The German government’s announcement will ensure eligibility of such loans for public sector Pfandbrief cover pools, according to Hartisch, meaning that Pfandbrief banks can support exporting financing banks in their lending (even if the exact wording of the new version of the guarantee is yet to be finalised by Euler Hermes and the government in its role as the state guarantor).
“This will enable export financing banks who are not Pfandbrief banks to offer German exporters more attractive credit conditions,” she told The Covered Bond Report. “We believe this will be an important contribution to overcoming the economic crisis.”
Noting that public sector Pfandbrief outstandings have fallen around 85% since 2002 to €124.4bn, LBBW senior investment analyst Karsten Rühlmann said the move could increase the importance of public sector Pfandbriefe, of which €11.2bn were issued in 2019.
“The new version of the Hermes securitisation guarantee – which is part of a five-point package of measures to support German exporters – makes it more likely that Pfandbrief banks will cooperate more extensively with other commercial banks on export financing,” he said.
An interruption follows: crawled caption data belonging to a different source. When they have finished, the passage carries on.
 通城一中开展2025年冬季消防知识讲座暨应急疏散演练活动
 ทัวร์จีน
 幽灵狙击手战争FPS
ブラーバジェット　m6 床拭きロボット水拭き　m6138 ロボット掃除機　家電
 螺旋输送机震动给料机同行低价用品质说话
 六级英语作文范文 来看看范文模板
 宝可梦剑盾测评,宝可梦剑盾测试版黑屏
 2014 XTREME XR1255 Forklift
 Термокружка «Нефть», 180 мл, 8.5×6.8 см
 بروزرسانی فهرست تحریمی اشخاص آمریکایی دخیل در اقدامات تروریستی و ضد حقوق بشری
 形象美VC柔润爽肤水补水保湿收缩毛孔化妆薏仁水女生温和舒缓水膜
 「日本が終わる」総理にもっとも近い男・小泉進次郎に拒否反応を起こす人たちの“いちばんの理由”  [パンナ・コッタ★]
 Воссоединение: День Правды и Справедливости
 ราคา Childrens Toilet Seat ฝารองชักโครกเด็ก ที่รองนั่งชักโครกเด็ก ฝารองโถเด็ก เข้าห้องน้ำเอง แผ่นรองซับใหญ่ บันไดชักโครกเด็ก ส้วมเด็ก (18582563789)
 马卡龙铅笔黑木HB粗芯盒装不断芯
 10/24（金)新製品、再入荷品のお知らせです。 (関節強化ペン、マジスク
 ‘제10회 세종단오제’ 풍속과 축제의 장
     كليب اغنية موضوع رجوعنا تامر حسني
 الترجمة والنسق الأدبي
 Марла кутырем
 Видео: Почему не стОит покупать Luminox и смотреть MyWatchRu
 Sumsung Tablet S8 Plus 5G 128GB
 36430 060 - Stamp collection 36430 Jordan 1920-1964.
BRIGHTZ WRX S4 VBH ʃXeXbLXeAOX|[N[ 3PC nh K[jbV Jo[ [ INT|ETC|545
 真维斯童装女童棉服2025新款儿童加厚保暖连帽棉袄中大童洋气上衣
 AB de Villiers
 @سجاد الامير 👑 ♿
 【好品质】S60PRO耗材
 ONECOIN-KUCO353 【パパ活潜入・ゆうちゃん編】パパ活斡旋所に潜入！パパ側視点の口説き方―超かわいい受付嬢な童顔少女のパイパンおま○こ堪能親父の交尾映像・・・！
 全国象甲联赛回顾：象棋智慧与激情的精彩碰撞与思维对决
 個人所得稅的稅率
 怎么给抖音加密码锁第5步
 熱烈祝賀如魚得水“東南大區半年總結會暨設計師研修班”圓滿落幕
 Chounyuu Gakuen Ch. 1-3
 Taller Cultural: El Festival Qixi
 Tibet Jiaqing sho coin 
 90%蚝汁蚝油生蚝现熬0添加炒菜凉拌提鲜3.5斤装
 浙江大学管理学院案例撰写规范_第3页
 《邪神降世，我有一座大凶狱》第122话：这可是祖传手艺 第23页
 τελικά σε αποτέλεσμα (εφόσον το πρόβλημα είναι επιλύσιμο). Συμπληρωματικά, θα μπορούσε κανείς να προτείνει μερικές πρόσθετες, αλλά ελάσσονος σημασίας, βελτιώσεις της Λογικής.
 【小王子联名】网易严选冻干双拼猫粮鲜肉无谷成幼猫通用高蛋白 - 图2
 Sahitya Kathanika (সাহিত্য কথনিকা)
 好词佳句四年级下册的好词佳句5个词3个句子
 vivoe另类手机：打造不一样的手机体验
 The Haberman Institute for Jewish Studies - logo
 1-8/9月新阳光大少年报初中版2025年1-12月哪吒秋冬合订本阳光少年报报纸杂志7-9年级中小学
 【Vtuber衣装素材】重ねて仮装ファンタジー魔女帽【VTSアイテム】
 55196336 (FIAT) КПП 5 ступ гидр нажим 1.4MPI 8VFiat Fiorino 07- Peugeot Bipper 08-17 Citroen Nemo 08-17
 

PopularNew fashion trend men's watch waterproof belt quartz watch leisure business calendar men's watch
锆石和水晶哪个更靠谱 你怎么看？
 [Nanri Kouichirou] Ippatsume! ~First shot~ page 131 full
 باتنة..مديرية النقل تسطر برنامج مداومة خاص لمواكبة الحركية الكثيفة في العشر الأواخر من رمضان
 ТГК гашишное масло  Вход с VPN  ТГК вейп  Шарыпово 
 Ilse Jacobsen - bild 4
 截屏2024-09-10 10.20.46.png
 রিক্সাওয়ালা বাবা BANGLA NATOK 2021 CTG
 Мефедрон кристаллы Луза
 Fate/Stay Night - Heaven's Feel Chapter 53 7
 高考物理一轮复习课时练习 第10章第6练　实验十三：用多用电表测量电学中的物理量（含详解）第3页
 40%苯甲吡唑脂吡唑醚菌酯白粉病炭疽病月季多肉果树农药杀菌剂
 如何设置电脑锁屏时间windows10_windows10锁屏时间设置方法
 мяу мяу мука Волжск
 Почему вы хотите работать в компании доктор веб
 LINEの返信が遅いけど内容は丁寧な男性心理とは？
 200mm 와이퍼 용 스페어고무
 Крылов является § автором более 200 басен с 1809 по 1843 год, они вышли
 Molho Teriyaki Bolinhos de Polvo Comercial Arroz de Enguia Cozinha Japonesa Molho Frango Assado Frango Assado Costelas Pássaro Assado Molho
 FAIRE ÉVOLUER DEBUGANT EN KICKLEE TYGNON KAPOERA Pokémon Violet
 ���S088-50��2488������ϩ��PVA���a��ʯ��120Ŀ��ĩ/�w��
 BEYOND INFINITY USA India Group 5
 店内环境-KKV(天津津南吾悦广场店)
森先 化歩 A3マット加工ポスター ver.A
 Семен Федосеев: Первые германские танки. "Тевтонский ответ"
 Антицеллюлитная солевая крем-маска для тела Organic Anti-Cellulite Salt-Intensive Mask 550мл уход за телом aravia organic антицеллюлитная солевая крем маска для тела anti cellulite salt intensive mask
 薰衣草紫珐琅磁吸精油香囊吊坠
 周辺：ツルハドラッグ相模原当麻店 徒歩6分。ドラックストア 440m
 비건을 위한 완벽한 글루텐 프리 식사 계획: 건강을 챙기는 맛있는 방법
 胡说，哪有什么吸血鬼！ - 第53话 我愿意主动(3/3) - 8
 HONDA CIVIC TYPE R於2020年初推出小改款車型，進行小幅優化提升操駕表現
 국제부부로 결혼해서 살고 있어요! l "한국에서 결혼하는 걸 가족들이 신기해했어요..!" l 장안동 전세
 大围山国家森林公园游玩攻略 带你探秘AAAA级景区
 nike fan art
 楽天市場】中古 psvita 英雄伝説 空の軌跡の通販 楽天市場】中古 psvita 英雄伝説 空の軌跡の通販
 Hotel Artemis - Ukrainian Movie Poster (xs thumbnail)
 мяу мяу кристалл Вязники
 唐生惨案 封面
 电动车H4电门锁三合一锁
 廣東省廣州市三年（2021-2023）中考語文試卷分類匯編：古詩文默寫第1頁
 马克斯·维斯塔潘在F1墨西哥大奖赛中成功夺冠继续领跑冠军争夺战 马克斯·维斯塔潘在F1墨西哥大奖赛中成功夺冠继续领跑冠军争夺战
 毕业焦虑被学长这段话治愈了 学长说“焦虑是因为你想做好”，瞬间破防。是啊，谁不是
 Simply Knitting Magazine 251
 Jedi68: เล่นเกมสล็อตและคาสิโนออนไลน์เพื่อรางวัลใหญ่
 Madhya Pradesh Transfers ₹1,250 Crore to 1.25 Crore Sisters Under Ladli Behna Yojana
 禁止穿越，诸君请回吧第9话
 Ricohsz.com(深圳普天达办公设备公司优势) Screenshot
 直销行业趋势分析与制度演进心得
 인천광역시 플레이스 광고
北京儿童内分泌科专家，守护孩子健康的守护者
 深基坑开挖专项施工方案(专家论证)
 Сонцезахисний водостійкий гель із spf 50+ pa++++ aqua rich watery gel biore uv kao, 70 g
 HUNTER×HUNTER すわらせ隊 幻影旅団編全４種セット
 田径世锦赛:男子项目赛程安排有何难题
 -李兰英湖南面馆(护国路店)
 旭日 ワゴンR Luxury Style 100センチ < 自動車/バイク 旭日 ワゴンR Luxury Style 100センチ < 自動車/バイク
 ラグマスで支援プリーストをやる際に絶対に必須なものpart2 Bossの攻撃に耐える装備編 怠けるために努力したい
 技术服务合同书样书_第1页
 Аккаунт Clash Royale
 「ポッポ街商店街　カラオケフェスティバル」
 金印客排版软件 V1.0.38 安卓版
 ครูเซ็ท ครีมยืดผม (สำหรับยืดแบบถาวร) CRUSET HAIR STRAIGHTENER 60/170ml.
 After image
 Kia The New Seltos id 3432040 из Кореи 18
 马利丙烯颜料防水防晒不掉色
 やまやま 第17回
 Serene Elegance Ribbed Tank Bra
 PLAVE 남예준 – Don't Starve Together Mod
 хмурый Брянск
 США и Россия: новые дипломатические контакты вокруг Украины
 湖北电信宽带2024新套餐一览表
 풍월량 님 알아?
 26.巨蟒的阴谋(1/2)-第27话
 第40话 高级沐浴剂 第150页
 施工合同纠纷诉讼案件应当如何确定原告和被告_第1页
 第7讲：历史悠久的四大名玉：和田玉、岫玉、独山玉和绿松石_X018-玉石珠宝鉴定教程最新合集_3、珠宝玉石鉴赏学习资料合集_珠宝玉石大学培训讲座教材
Hartisch said export financing banks have reacted positively to the news and consider additional export financing volumes “in the billions” to be possible, but noted that the ultimate outcome will depend on a variety of factors. She also pointed out that the additional lending volumes might not be reflected to a similar extent in cover pools. Non-Pfandbrief banks also still have the option of themselves seeking a Pfandbrief licence, thereby obviating the need to cooperate with Pfandbrief banks in refinancings, and she said banks will have to weigh up the relative costs of going down either route.